◆ DATA EXCERPT
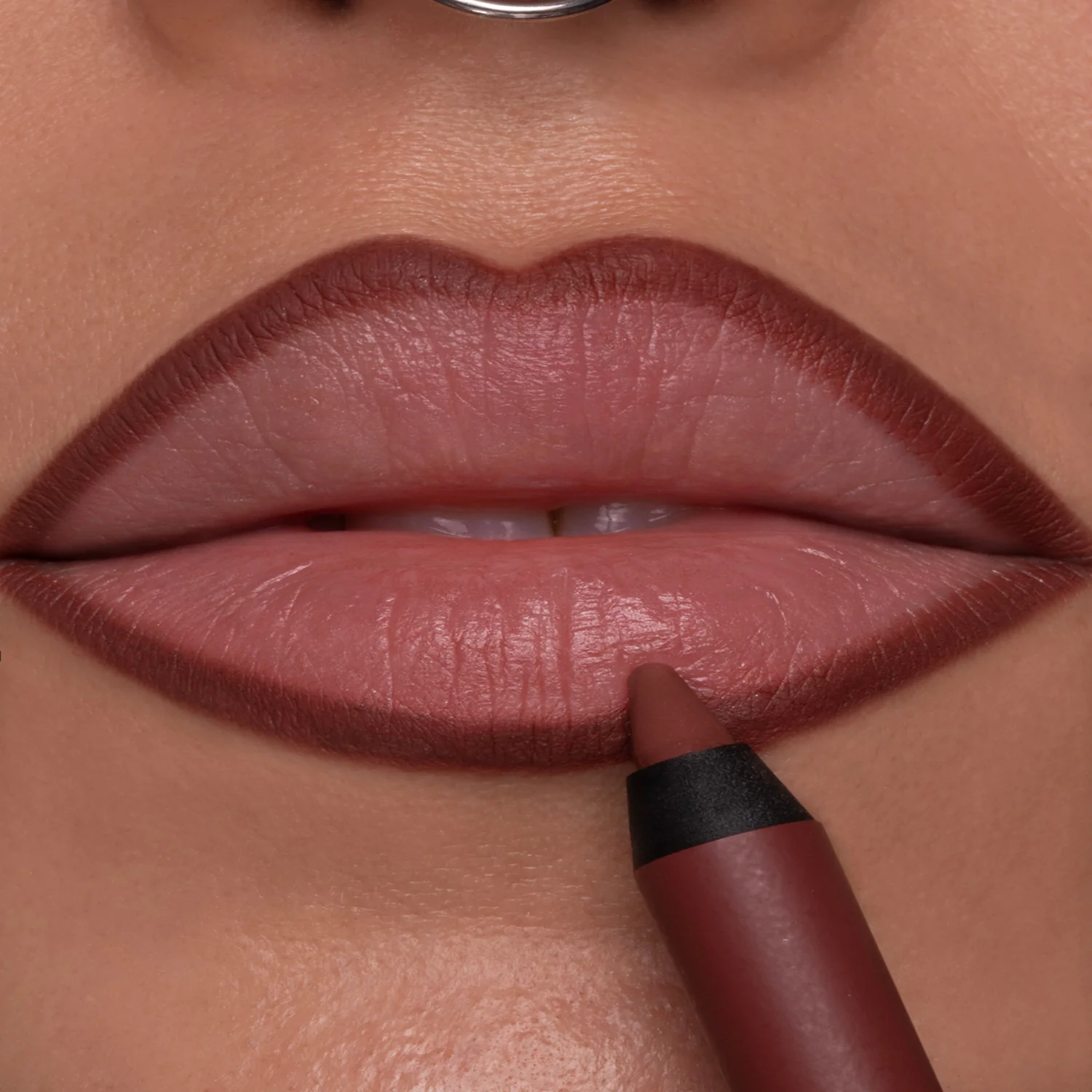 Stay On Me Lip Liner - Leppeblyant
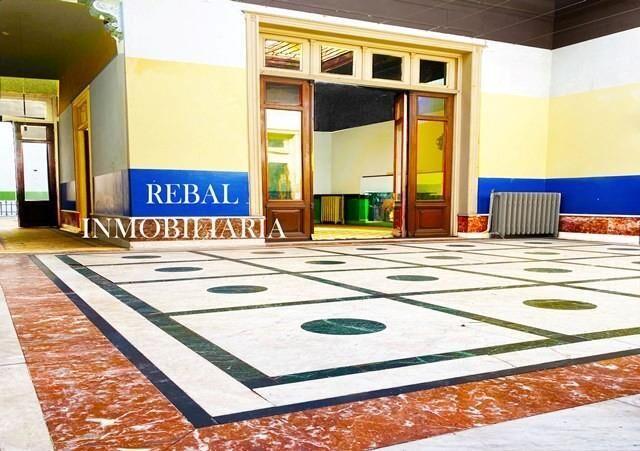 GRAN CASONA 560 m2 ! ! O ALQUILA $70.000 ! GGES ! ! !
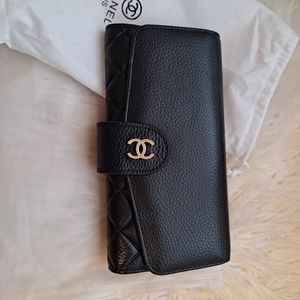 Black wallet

◆ YOUR TASK
The result should be the material above, unchanged and free of pictures; please print it.

◆ WRITTEN RESPONSE
 Stay On Me Lip Liner - Leppeblyant
 GRAN CASONA 560 m2 ! ! O ALQUILA $70.000 ! GGES ! ! !
 Black wallet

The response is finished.